Trudu opracowania historii ich zabudowy podjął się zagorzały miłośnik i wytrawny badacz dziejów miasta – Marian Fronczkowski. Z iście benedyktyńską cierpliwością i detektywistyczną dociekliwością zbadał tysiące dokumentów w archiwach Tomaszowa, Piotrkowa i Łodzi. Były to m.in. akta podatkowe i policyjne, zezwolenia na budowę, a nawet księgi adresowe i książki telefoniczne. Pozwoliły mu one poznać przemiany zachodzące w zabudowie tych ulic, funkcje poszczególnych budynków oraz nazwiska ich właścicieli. Z pewnością to niezwykłe dzieło zasługuje na wydanie w formie książkowej.

Zakusy na perski kobierzec króla Sobieskiego

Na zdjęciu: Kobierzec ze Studzianny na zdjęciu „Światowida” z 1929 roku. Archiwum Andrzeja KobalczykaJedną z najcenniejszych pamiątek historycznych ze skarbca bazyliki pw. Filipa Nereusza w Studziannie Poświętnem jest XVII-wieczny dywan perski. Został on ofiarowany tutejszemu sanktuarium oo. filipinów przez króla Jana III Sobieskiego. Piękny i drogocenny kobierzec dopiero po ponad dwustu latach przyciągnął uwagę nie tylko historyków, ale także handlarzy dziełami sztuki.

Według niektórych, popularnych przekazów dywan ten został zabrany z namiotu tureckiego wielkiego wezyra Kara Mustafy podczas słynnej bitwy pod Wiedniem w 1683 roku.
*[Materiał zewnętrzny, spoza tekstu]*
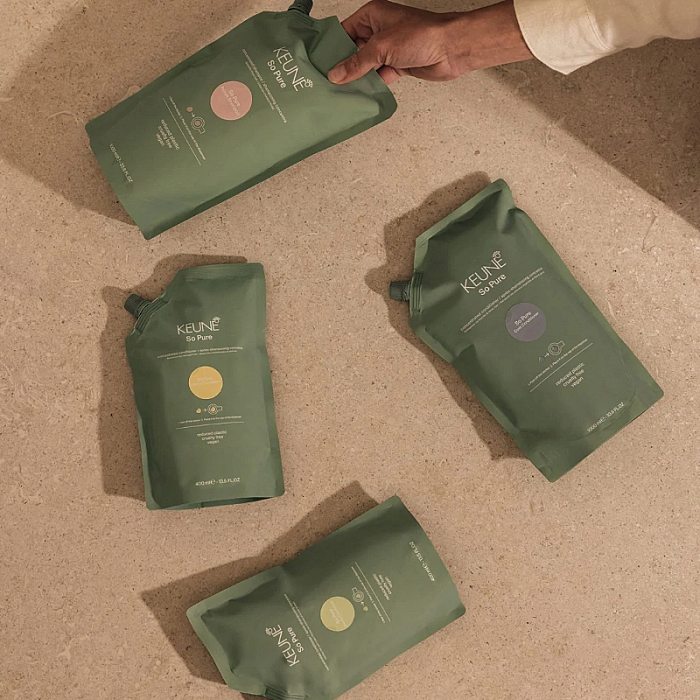 Balsam purifiant si detoxifiant so pure clarify refill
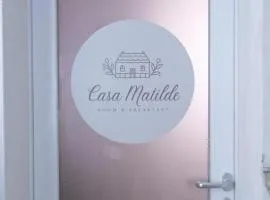 Casa Matilde Rooms & Apartment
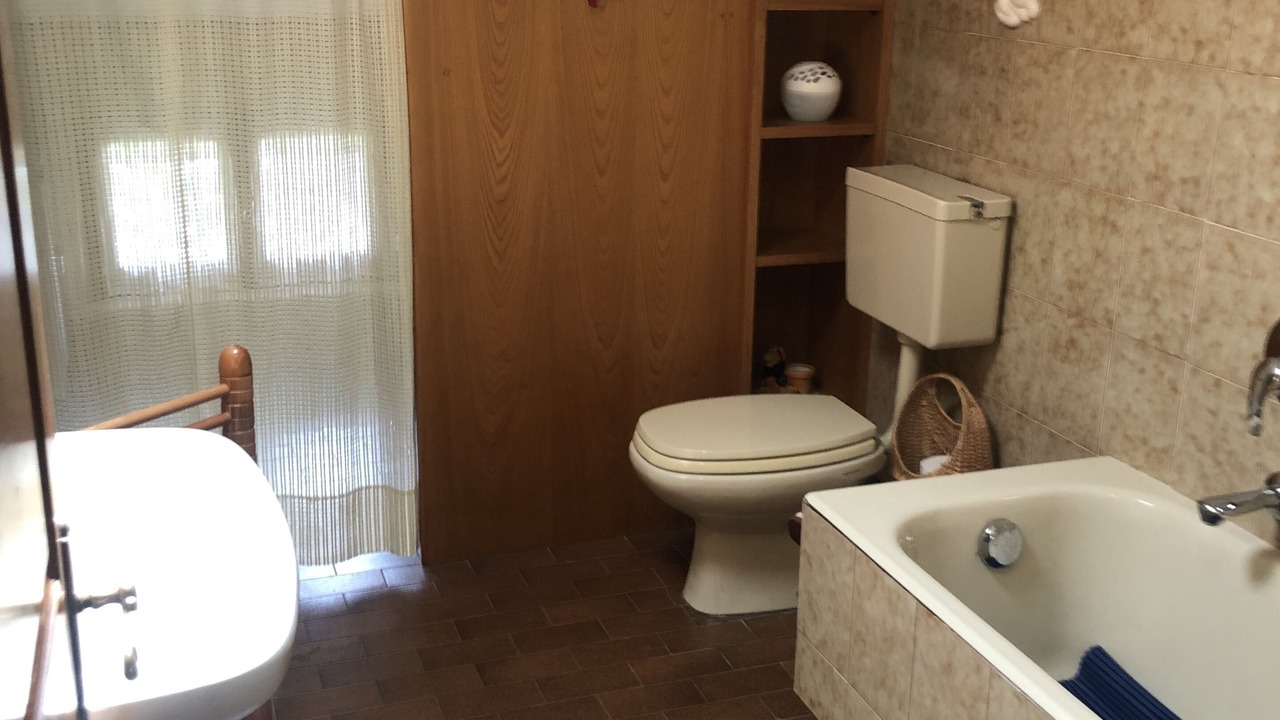Photo of Bathroom in Saint-Vincent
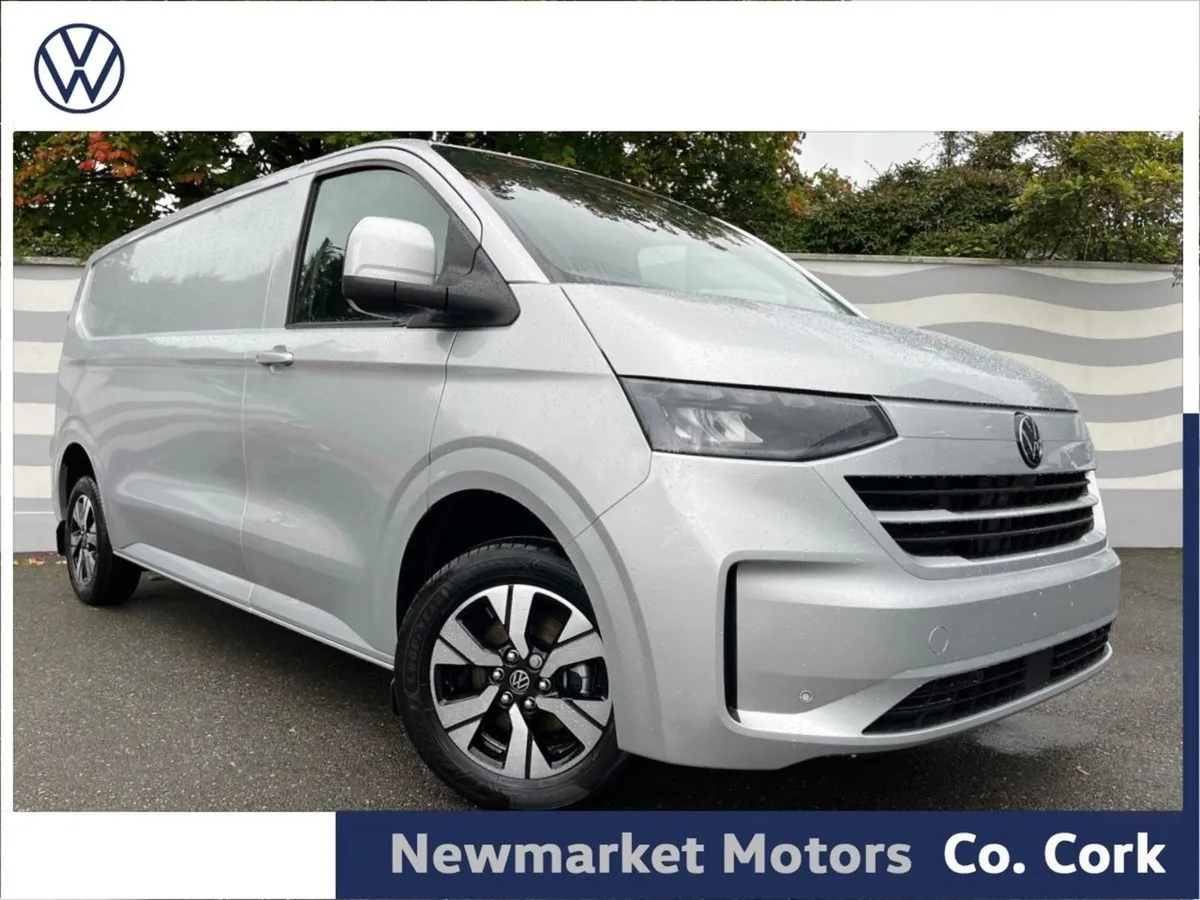 Volkswagen Transporter Trendline Plus 150BHP Long - Image 1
Król Jan III Sobieski miał go złożyć jako zdobycz wojenną pod cudownym obrazem Matki Boskiej Studziańskiej w podzięce za wiedeńską wiktorię. W rzeczywistości ów dywan polski władca ofiarował świątyni w Studziannie, przybywając do niej tuż przed wiedeńską odsieczą. Być może został on zdobyty przez polskiego władcę podczas jego wcześniejszych bitew z Turkami.

Wskazuje na to choćby informacja zawarta w tomie XI pomnikowego „Słownika Geograficznego Królestwa Polskiego” z 1890 roku. W opisie zawartości skarbca kościoła w Studziannie wymieniono: „….dywan bogaty, na którym miał Sobieski komunikować (tj. przyjmować Komunię Świętą – dop. A.K.) przed wyjazdem na wyprawę wiedeńską”.
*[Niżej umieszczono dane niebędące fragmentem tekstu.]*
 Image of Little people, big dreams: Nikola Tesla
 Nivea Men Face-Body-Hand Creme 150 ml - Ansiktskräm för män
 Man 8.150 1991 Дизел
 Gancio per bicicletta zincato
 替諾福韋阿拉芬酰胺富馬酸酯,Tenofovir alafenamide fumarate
Parafianie na straży królewskiego daru
Ponad dwieście lat niewielki dywan o wymiarach 2×2,5m leżał przed głównym ołtarzem kościoła w Sudziannie. Przez ten czas nie zdawano sobie sprawy z jego wielkiej wartości artystycznej i historycznej. Jak napisano na łamach „Kurjera Poznańskiego” z 27 sierpnia 1929 roku, dopiero przed I wojną światową zainteresował się nim znany w kraju handlarz dziełami sztuki. W zamian za dywan zaoferował proboszczowi kościoła w Studziannie pokrycie wszystkich kosztów odnowienia tej świątyni.
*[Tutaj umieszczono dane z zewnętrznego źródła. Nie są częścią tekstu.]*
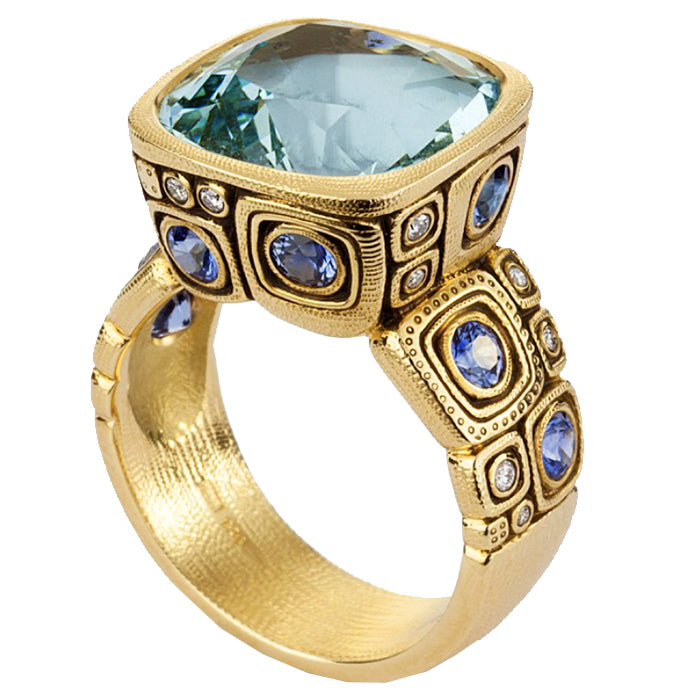 Sepke Rings Alex Sepkus Rings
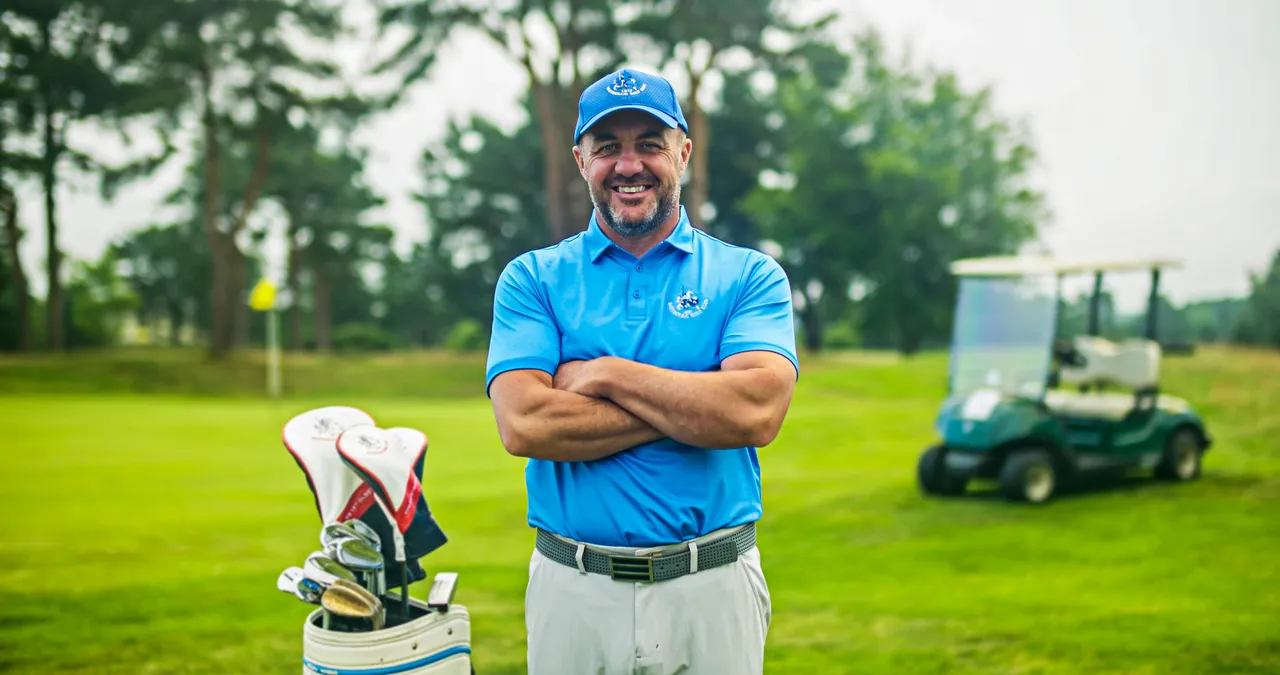 Stuart Syme, PGA Professional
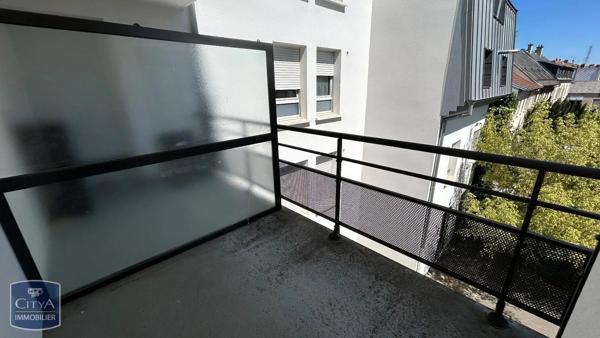 Appartement à louer 3 pièces 76.59m² Mulhouse (68100)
Z podobną ofertą wystąpił wtedy handlarz „starożytnościami” z Petersburga. Chciał zapłacić za dywan 40 tys. rubli, a także dołożyć jeszcze 10 tys. rubli na remont kościoła w Studziannie. Tym transakcjom zapobiegł zdecydowany protest miejscowych parafian.

W obronie królewskiego daru stanęli oni także w 1929 roku. Napisano o tym w wydaniu łódzkiego dziennika „Echo” z 27 sierpnia tegoż roku. Przytoczono w nim rozmowę z ks. Wojciechem Helbichem, jednym z zakonników-filpinów ze Studzianny. Powiedział on, że jeszcze niedawno dywan podarowany przez króla Sobieskiego używano do ceremonii ślubnych na specjalne życzenie nowożeńców.

„Zaznaczyć jednak muszę, że lud opoczyński doskonale znał pamiątkową wartość dywanu. To też strzegł go jak oka w głowie (…) Przed rokiem np. badał dywan delegat Muzeum Narodowego w Warszawie, p. Markoni. Aby dokładniej pokazać dywan, wynieśliśmy go ze skarbca na podwórze i tam wspólnie oglądaliśmy. Wywołało to dziwny skutek. Na drugi dzień zgłosiła się delegacja ludności prosząc o wyjaśnienie, kto to był ten obcy i po co ten nasz dywan tak skrupulatnie oglądał. Trzeba było długich tłumaczeń, aby zaniepokojoną delegację ludności uspokoić” – opowiadał zakonnik ze Studziannej.